10 servings as first course, 5 as main course


  1. Pick over crab meat, removing all shell and cartilage. Leave in largest pieces possible. If pasteurized meat is used, drain all liquid that has accumulated. Put crab meat in mixing bowl.
  2. Heat 2 tablespoons of butter in saucepan and add onion and celery. Cook, stirring often, until wilted. Let cool. Add onion mixture to crab. Add 2 1/2 tablesooons of bread crumbs, chopped parsley, salt and pepper. Blend egg yolk with mustard and cream and add it. Add Worcestershire sauce, mayonnaise, Tabasco sauce and lemon juice.
  3. Blend mixture gently, taking care to avoid breaking up crab lumps. Refrigerate for at least 30 minutes or until quite cold. If mixture is not cold, it will not shape properly.
  4. Put flour in flat-rimmed dish.
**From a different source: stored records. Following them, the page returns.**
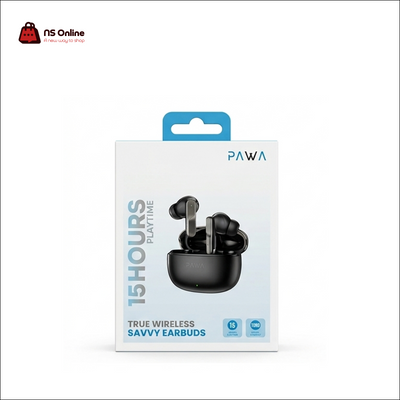 Pawa Savvy True Wireless Earbuds | Bluetooth Gaming & Music In-Ear Headphones | 15 Hours Total Playtime, Premium Compact Charging Case & Smart Touch Controls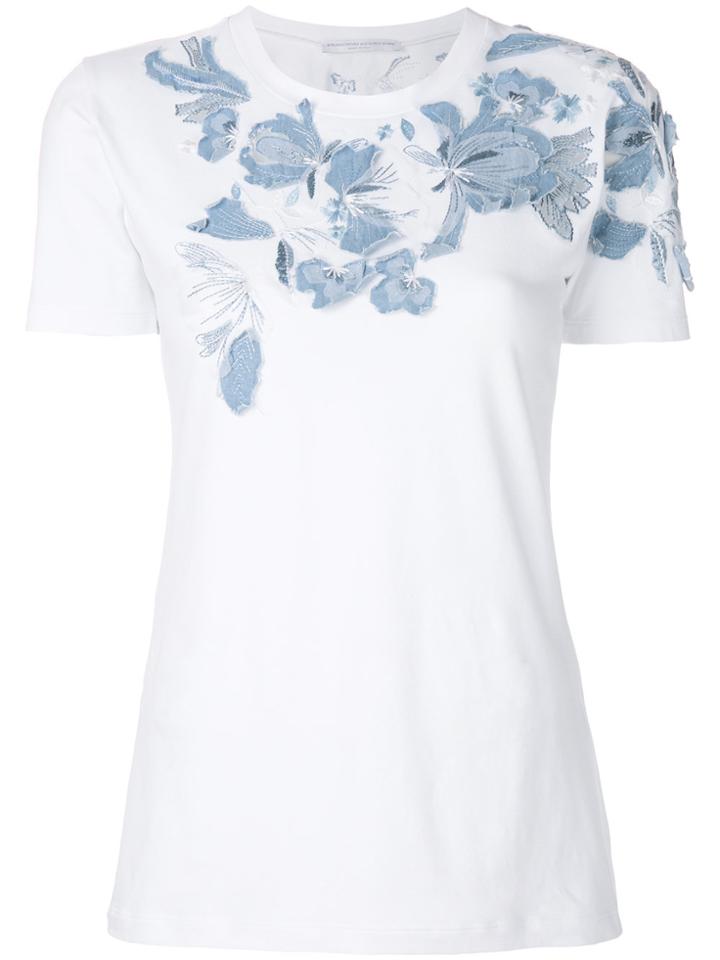 Ermanno Scervino Floral Embroidered T-shirt - White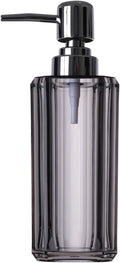 Soap Dispenser Luxury Resin Clear Refillable Liquid Soap Dispenser Pump Bottle for Bathroom Vanity, Countertop, Sink, Electroplated Silver Plastic(Gris)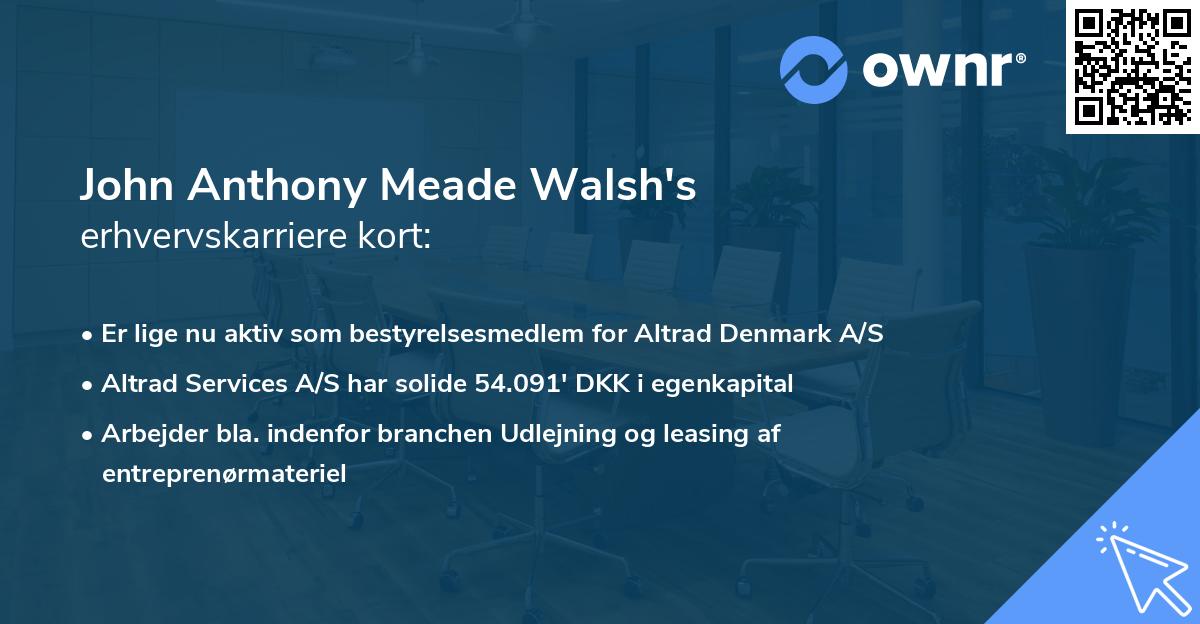 John Anthony Meade Walsh's erhvervskarriere kort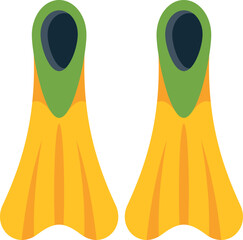 Pair of yellow and green flippers providing essential gear for underwater exploration © anatolir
Put lightly beaten egg with milk in another dish and remaining bread crumbs in a third.
  5. Shape mixture into 10 balls of equal size, pressing to make mixture adhere. Dip balls in flour, then in egg mixture and then in crumbs. Crab mixture is extremely delicate and must be handled with care to prevent its falling apart. As crab cakes are made, pat to flatten with great care, using spatula and fingers. Transfer carefully to dish and return to refrigerator for at least 30 minutes.
  6. Heat remaining 3 tablespoons butter in skillet and cook crab cakes, handding cautiously, about 5 minutes on a side until nicely browned and piping hot. Serve, if desired, with green sauce on side.